There are an infinite number of things that individuals do when they are seeking clarity. Some golf, some go for a run, others paint, play music, or a personal favorite, head out to the middle of nowhere.
There are an infinite number of things to do in the middle of nowhere, if you’re creative enough. Lucky for me, creativity has always been a strength for me.
I find myself headed to a small town on a sulfur spring about 4 hours west of my current home in Providence, Rhode Island. To some who pass through, this small town holds nothing of interest. It’s old, there’s one hotel, two places to eat, and three historic signs that mark what was once a booming healing bath house.
Not one for eating at small town dives, well, if you’re passing on the local grub, I recommend trying the abandoned buildings instead. (Just kidding, my lawyer says I do NOT recommend this..)
Packed into a tiny town with only a handful of streets are multiple abandoned hotels and bath houses awaiting you. The most notable one, the Adler Hotel boasts funky wallpaper patterns and many old rooms to dig through.
The first time I visited this small town, we camped in the aforementioned hotels.

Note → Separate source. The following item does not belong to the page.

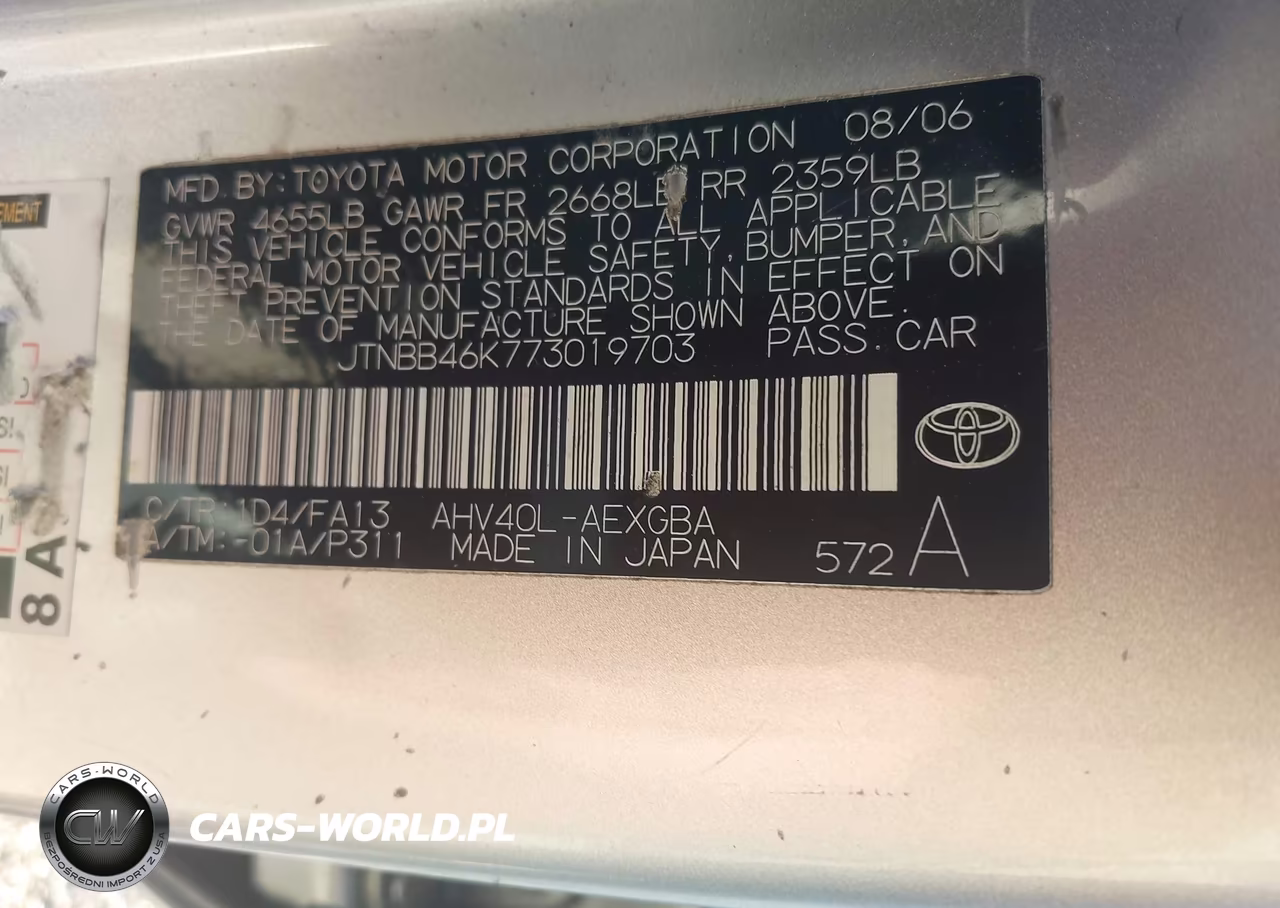 2007 Toyota Camry Hybrid VIN:JTNBB46K773019703 - 9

Some beds even had sheets on them, although admittedly I wasn’t looking for THAT much of an adventure and opted for my sleeping bag.

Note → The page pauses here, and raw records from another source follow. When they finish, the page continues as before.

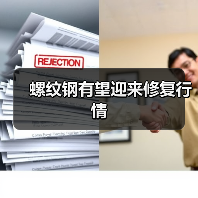 螺纹钢有望迎来修复行情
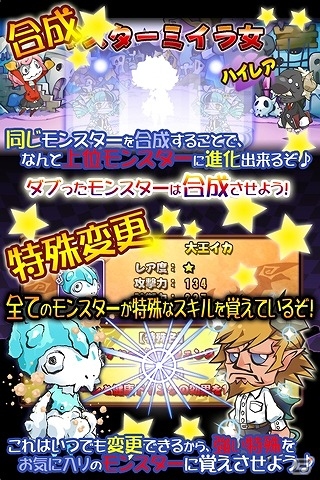 「まぞくのじかん」がauゲームにて配信開始―タッチ操作の爽快バトルが魅力の世界征服RPGの画像3
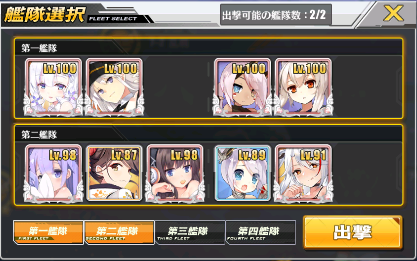 アズレン 7 4 予想外の混乱 の攻略まとめ アズールレーン 日々オタ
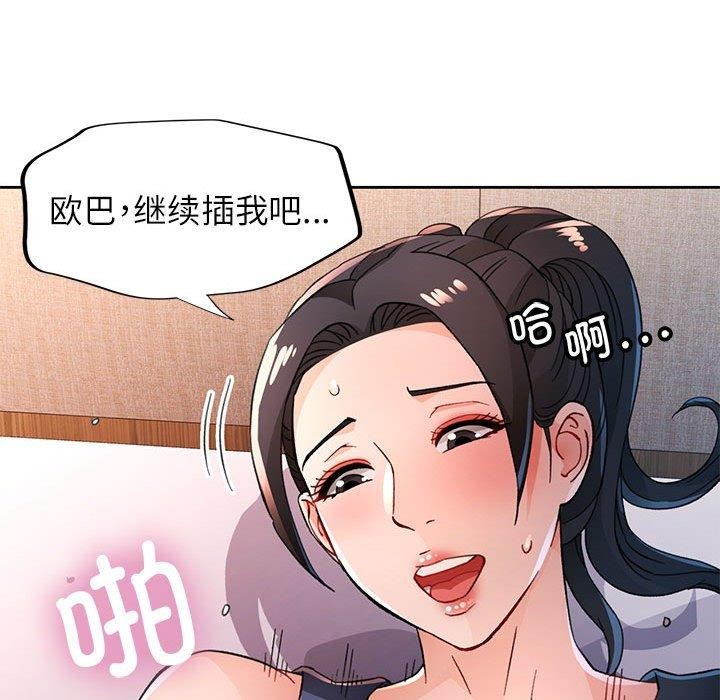 第49话 - 第18.jpg页
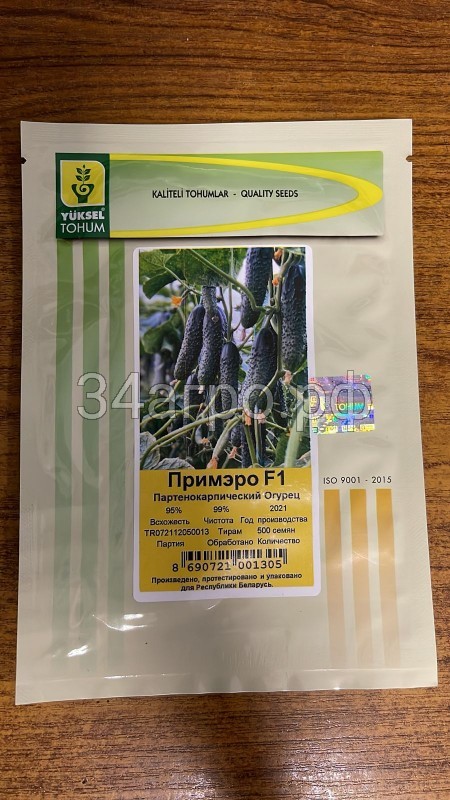 Огурец Примэро F1 500 семян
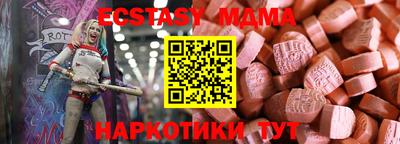 твердый Гагарин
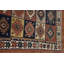 Tapis rétro 4 x 7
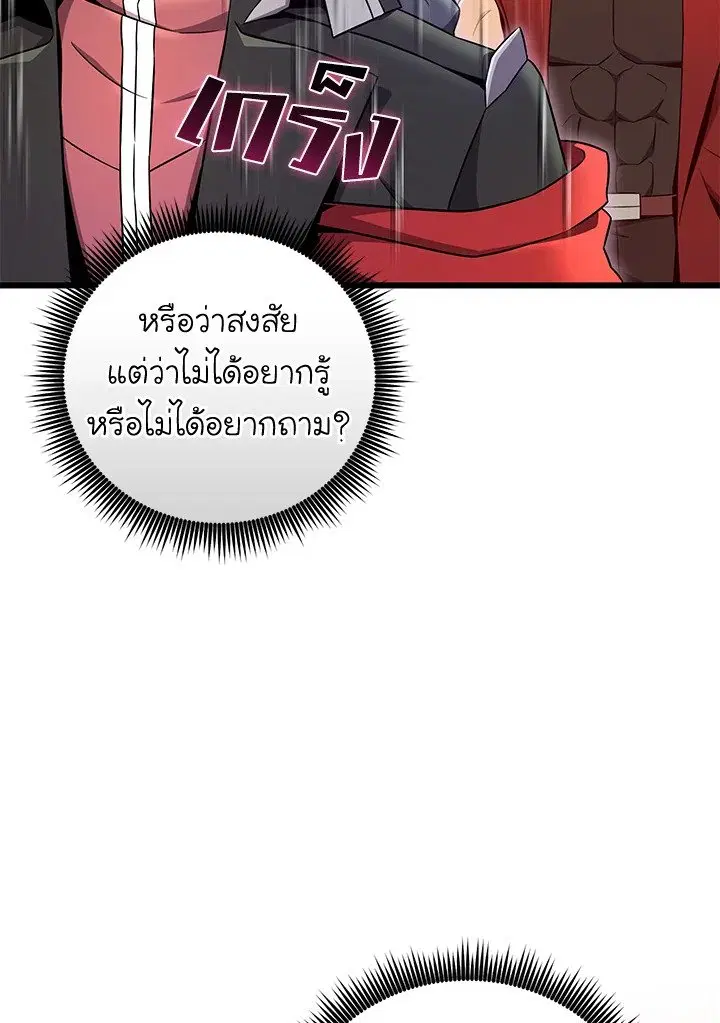 Arcane Sniper ตอนที่ 183 หน้า 80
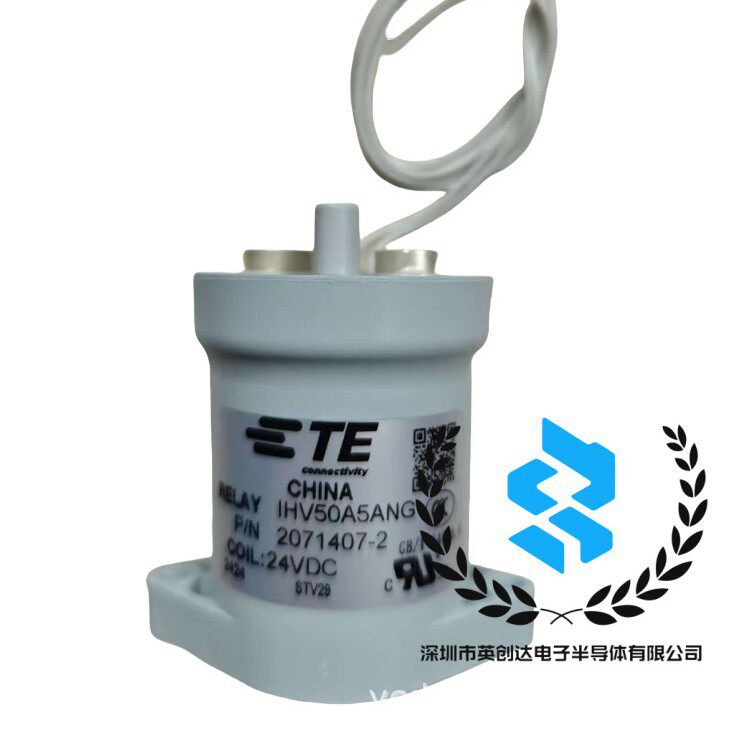 IHV50A5ANG/2071407-2 TE泰科 直流继电器接触器线圈电压24V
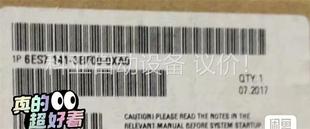议价 6ES7141 包邮 0XA0正品 3BF00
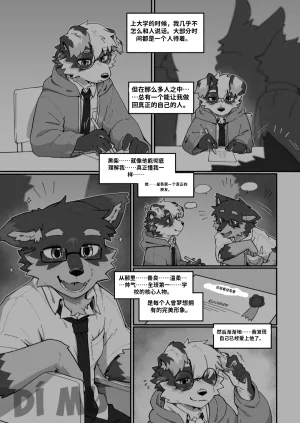 Betsuto Pheromones 3 Translation - Page 13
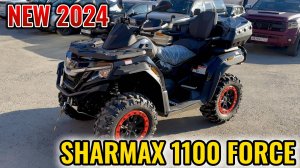 ❄️⚡️ УСТАНОВИЛИ ЗАЩИТУ ДНИЩА, КОФР НА КВАДРОЦИКЛ SHARMAX 1100 FORCE ⚡️❄️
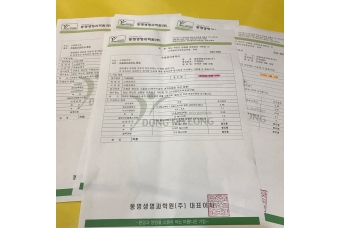 수질검사1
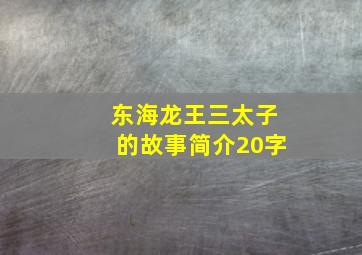 东海龙王三太子的故事简介20字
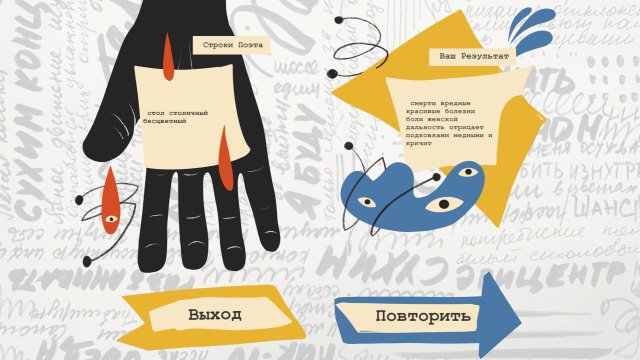 Krai. Digital-poetry vol. 1 screenshot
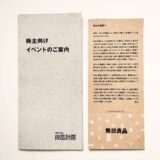 良品計画,無印良品,株主優待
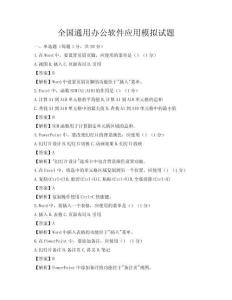 全国通用办公软件应用模拟试题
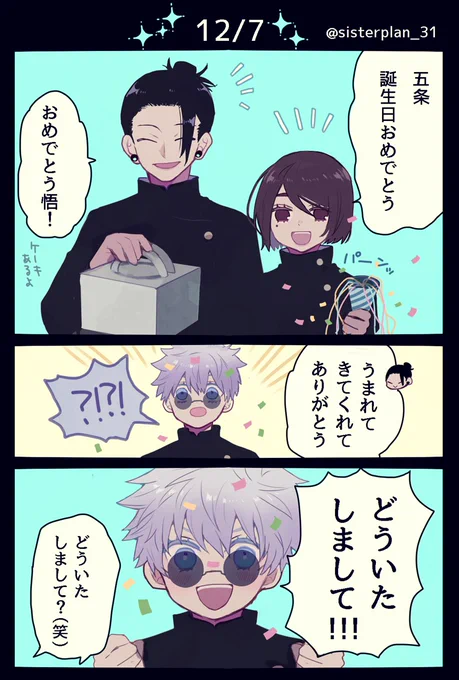 うまれてきてくれてありがとう
🎉🎉🎉
#五条悟誕生祭2022 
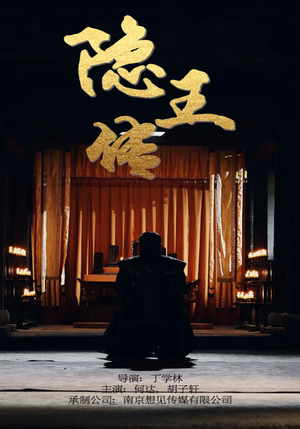 【隐王传】79集短剧高清在线观看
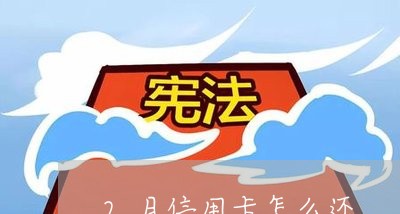 2月信用卡怎么还/2023082602938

The bath houses are the most wonderful part of the town, if you ask me. On a trip here with two my best friends when I was even old enough to drink we attempted to get into both bath houses, and were successful.
One bath house has seen better days, and the rear row of baths are exposed to the elements after many of the walls giving out. Once upon a time this was a wonderful attribute, but as the city has become more popular, it’s become an issue. You never know who’s going to come through the uhh..wall. (Thankfully the Kool-aid man is yet to make an appearance!)

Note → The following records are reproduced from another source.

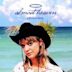 Almost Heaven - Ein Cowgirl auf Jamaika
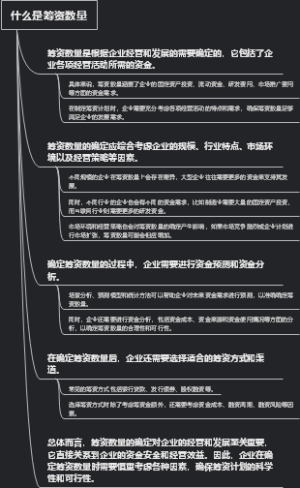 什么是筹资数量
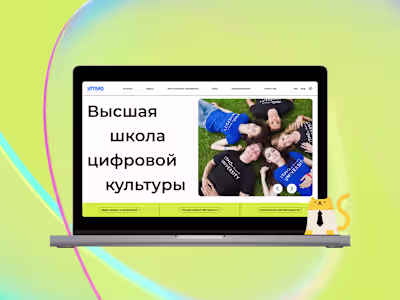 Промо-сайт для ИТМО "Высшая школа цифровой культуры"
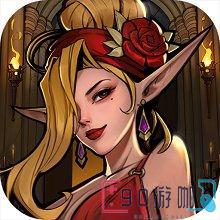地下城与王国 地下城与王国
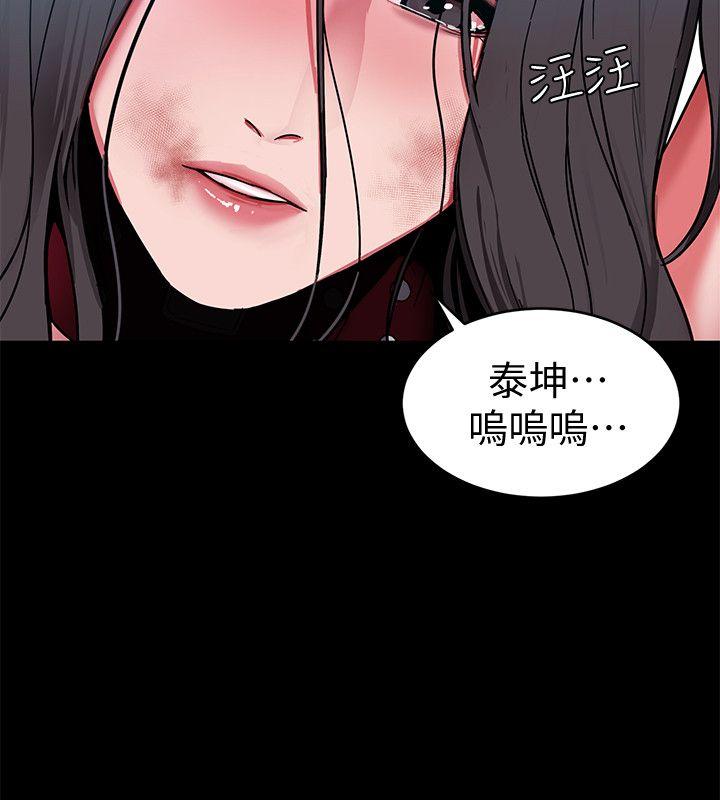 致命游戏 第13話-今天的獵物 第24页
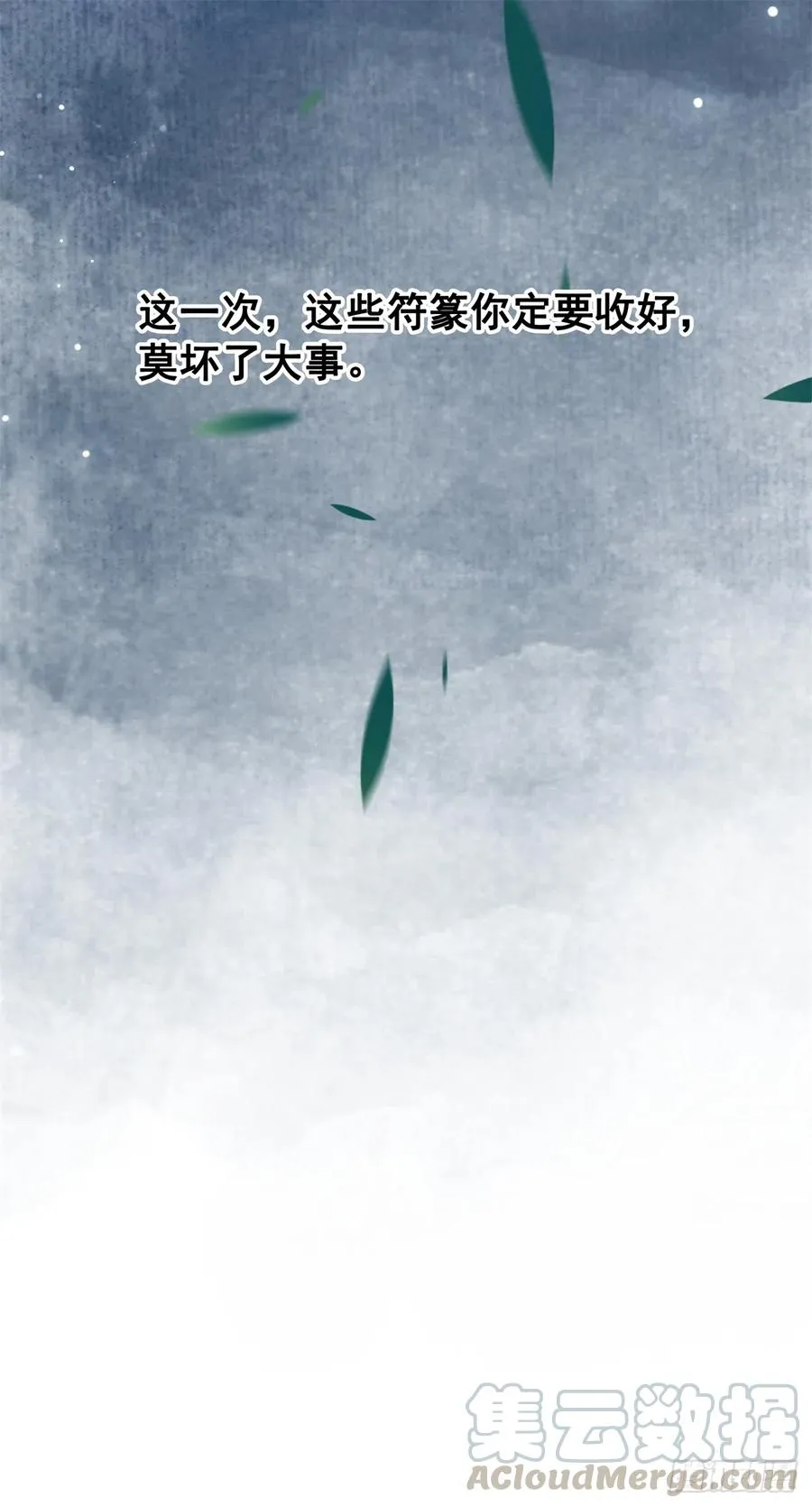 171 逆转的开始 第46页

Behind this building is access to the Sulfur spring, which some people come to take, as it used to be thought as healing. You can find tattered X-Rays and medical equipment strewn throughout the buildings. Imagine laying in a bath of sulfur. Just stop and imagine that smell. You’re welcome. I can’t say I’m a fan, although I have boldly drank from this fountain in a show-off fashion against aforementioned best friends. (Not worth it, at all. Sulfur burps are the worst.)
The other hotels are also a blast, although three years ago we came across an angry drug addict living in one of them, which was less than pleasant. Never in my life have I been more happy to have a 6’4” Volkswagen-driving-red-blooded-American-Hipster by my said. (This was the only time this was ideal)
I’ve always enjoyed visiting here, even as the beautiful buildings slowly become covered in graffiti and the photos I take begin to look the same. There are trips where I haven’t even taken my camera from my bag, but instead snagged a bottle of wine and sat on the roof of the highest hotel, overlooking the small town that for some reason brings me an immense amount of comfort.
At the end of the day, I’m still strange in finding clarity strolling through abandoned hallways alone, where families once went to enjoy each other’s company. But, I still think Golf is stupid and you won’t catch me on a run anytime soon, unless it’s from the police.